• [WHAT THE TASK REQUIRES] Among the entries below, take the line with "学仕名府小区 - 户型网" and the line with "MSZ-006A1 MG Z-Plus No1–3枚目/制作者：OKUTAKE", and output them and every line between them exactly, with nothing else.

Recorded data
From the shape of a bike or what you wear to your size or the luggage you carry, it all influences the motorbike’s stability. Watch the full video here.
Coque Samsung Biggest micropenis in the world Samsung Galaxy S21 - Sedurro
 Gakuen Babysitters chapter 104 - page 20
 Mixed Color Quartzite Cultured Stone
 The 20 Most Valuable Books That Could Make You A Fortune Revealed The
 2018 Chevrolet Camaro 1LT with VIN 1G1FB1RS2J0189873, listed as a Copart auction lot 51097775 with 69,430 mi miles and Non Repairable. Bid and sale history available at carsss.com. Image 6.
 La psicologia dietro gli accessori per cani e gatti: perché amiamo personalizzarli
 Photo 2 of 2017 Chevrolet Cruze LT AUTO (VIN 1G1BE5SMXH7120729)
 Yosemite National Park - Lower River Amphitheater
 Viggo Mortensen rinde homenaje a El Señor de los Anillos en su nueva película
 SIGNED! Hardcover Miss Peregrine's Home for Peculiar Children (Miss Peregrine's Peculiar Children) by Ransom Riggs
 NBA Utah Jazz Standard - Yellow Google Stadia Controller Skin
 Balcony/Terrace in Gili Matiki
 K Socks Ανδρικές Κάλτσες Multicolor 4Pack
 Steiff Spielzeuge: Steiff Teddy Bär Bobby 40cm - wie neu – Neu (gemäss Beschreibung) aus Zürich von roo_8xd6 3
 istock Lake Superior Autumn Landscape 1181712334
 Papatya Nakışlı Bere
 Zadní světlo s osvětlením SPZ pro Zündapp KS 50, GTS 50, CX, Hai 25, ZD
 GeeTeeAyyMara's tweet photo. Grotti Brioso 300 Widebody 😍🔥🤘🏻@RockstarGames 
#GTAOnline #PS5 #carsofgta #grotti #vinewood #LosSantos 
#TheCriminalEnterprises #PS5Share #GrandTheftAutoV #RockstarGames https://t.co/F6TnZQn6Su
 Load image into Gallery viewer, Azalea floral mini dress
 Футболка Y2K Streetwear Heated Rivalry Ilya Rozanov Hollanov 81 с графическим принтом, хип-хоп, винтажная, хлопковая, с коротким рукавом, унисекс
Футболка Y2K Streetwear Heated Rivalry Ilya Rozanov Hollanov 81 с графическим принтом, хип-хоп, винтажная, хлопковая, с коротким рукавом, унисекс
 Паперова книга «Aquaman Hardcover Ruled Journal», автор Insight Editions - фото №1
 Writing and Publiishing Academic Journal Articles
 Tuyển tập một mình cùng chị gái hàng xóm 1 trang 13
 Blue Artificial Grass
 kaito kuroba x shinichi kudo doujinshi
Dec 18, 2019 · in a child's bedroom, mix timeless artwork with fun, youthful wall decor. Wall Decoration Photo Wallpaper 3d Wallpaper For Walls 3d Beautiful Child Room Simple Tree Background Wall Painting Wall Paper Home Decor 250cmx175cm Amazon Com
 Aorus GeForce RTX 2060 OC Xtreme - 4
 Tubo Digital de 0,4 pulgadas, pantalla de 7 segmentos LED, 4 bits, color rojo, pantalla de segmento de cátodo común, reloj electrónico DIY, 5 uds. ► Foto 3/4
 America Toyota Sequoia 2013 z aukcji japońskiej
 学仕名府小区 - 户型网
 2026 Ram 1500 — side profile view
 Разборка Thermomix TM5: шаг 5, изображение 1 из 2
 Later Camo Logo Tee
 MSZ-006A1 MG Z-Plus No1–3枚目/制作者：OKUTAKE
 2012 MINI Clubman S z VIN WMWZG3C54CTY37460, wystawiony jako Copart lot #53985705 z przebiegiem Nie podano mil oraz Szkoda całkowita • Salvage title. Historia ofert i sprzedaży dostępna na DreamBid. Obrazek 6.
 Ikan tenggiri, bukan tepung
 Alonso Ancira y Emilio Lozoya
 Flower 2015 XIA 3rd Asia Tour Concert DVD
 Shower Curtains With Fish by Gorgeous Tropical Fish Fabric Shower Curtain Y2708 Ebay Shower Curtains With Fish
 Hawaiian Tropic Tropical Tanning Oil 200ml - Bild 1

• [ANSWER SECTION]
 学仕名府小区 - 户型网
 2026 Ram 1500 — side profile view
 Разборка Thermomix TM5: шаг 5, изображение 1 из 2
 Later Camo Logo Tee
 MSZ-006A1 MG Z-Plus No1–3枚目/制作者：OKUTAKE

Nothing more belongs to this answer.